Я задержала дыхание и выглянула в окно. Не потому, что красиво. Что красиво, сомнений нет, но…

- Если ты паникуешь от того, что вдруг поняла мой намек и надо было брать чемоданчик побольше, - не беда. Я заскочу к тебе домой и возьму все по списку, который составишь. А если ты подумываешь сбежать - тоже не страшно. Здесь автобусы и маршрутки не курсируют, такси без звонка хозяина дома на территорию не пропустят, так что выдохни наконец и расслабься. И потом, вспомни о нашей цели!

Я вспомнила о Филиппе, о том, что мы два года не виделись, и занервничала еще сильнее. А потом машина остановилась, я повернула голову и… выдохнула - от представшего передо мной зрелища. Это было… это…

Я во все глаза смотрела на бабушкин дом. Нет! Я помнила, что он был как минимум раз в пять меньше этого, и сознавала, что вряд ли нынешний дом сделан из натурального дерева, - так, только видимость создает.

Но он до безумия был похож на любимый дом моего детства. А значит, был просто великолепен!

- А вот этого я не заказывал, - проворчав, Никита провел пальцем по моей щеке, а потом заставил повернуться к себе и уверенно вытер слезинки. - Внутрь заходить не будем, а то ты совсем расквасишься, и мама подумает, что я тебя силой сюда приволок!

- А мы что, можем зайти?! - не поверила я удаче. - Нас впустят?

- В таком состоянии нет.

- Почему?

- Потому что это дом для счастья и радости, а не изба-рыдальня.

Усмехнувшись, я достала из бардачка влажные салфетки, вытерла лицо. Пока машина возвращалась к дому родителей Никиты, я успела припудриться, тронуть помадой губы и накрасить ресницы.

- О, - заметив мое незначительное преображение, взбодрился друг. - Начинаю тебя узнавать!

Я рассмеялась. Подождала, пока Никита обойдет машину и откроет мне дверь - не потому, что его мама все еще наблюдала и где-то в доме на посту стоял папа. Просто у нас изначально так было принято: Никита позволял мне быть женщиной, а я ему - быть мужчиной. Дружбе ведь это никак не мешало.

- Интересно, - подав мне руку, усмехнулся Никита. - Они сразу тебя узнают?

- То есть… - Я почти нырнула обратно в салон, но сильная рука уверенно вытянула меня на свежий воздух. - Они что, не знали, что я приеду?!

- Я сказал, что поехал за девушкой. Но что это ты, уточнять не стал. Люблю сюрпризы.

- А я ненавижу!

- Знаю, - вопреки моему возмущению, он широко улыбнулся. - Столько лет пытаюсь тебя приучить к ним - и все никак. Но тешу себя надеждой, что однажды мне это удастся.

- А я тешу себя надеждой, что однажды твоя фантазия все же иссякнет. До сих пор вздрагиваю, как вспомню ужа в кровати, гусениц в баночке, плакат с моим изображением на двери школы, твои частушки под моими окнами и лепестки роз по всему подъезду, которые я час выметала. Это неправильные сюрпризы, тебе так не кажется?

- Нет.

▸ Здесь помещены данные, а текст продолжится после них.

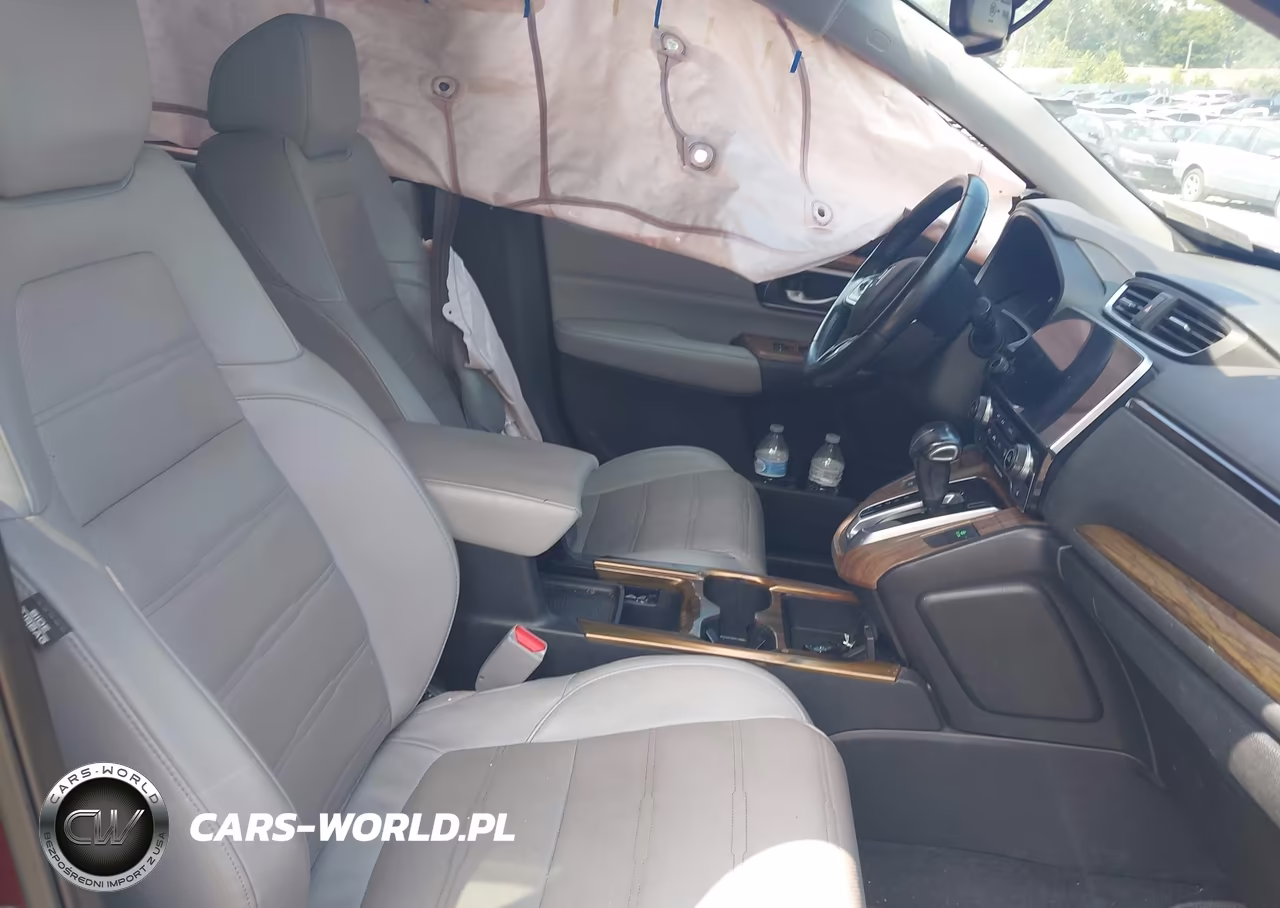 2018 Honda Cr-V Touring VIN:7FARW2H97JE070641 - 5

По-моему, я как раз все делаю правильно, - отмел все упреки мужчина. - Вряд ли кто-то еще может похвастаться, что ты помнишь его подарки спустя долгие годы. И бережешь их - как, например, мой плакат. Но оно и понятно: ручная работа, хэндмейд.

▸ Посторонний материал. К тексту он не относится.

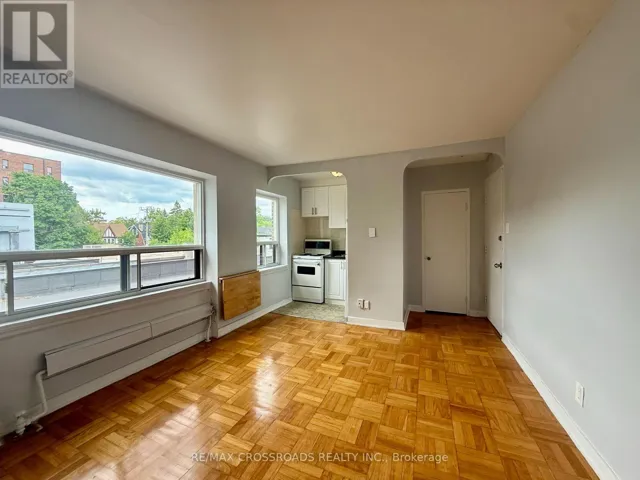 213 - 2770 YONGE STREET, Toronto (Lawrence Park South), Ontario M4N2J3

- Просто твой плакат такой страшный, что я боюсь к нему прикасаться. Как забросила на шкаф - так и лежит.

- Страшный? - удивился Никита и привел аргументы, почему его плакат страшным никак быть не может: - Я, между прочим, старался! Подбирал бумагу, кисти и краски, приобрел клей хороший, чтобы сразу не отодрали, чтобы сюрприз хоть полчаса провисел на двери. Ты же и раньше любила поспать, так что пока бы пришла… А еще сделал надпись разноцветными маркерами, чтобы ни у кого не осталось сомнений - «Самохина Аня - самая красивая и добрая девочка в школе!»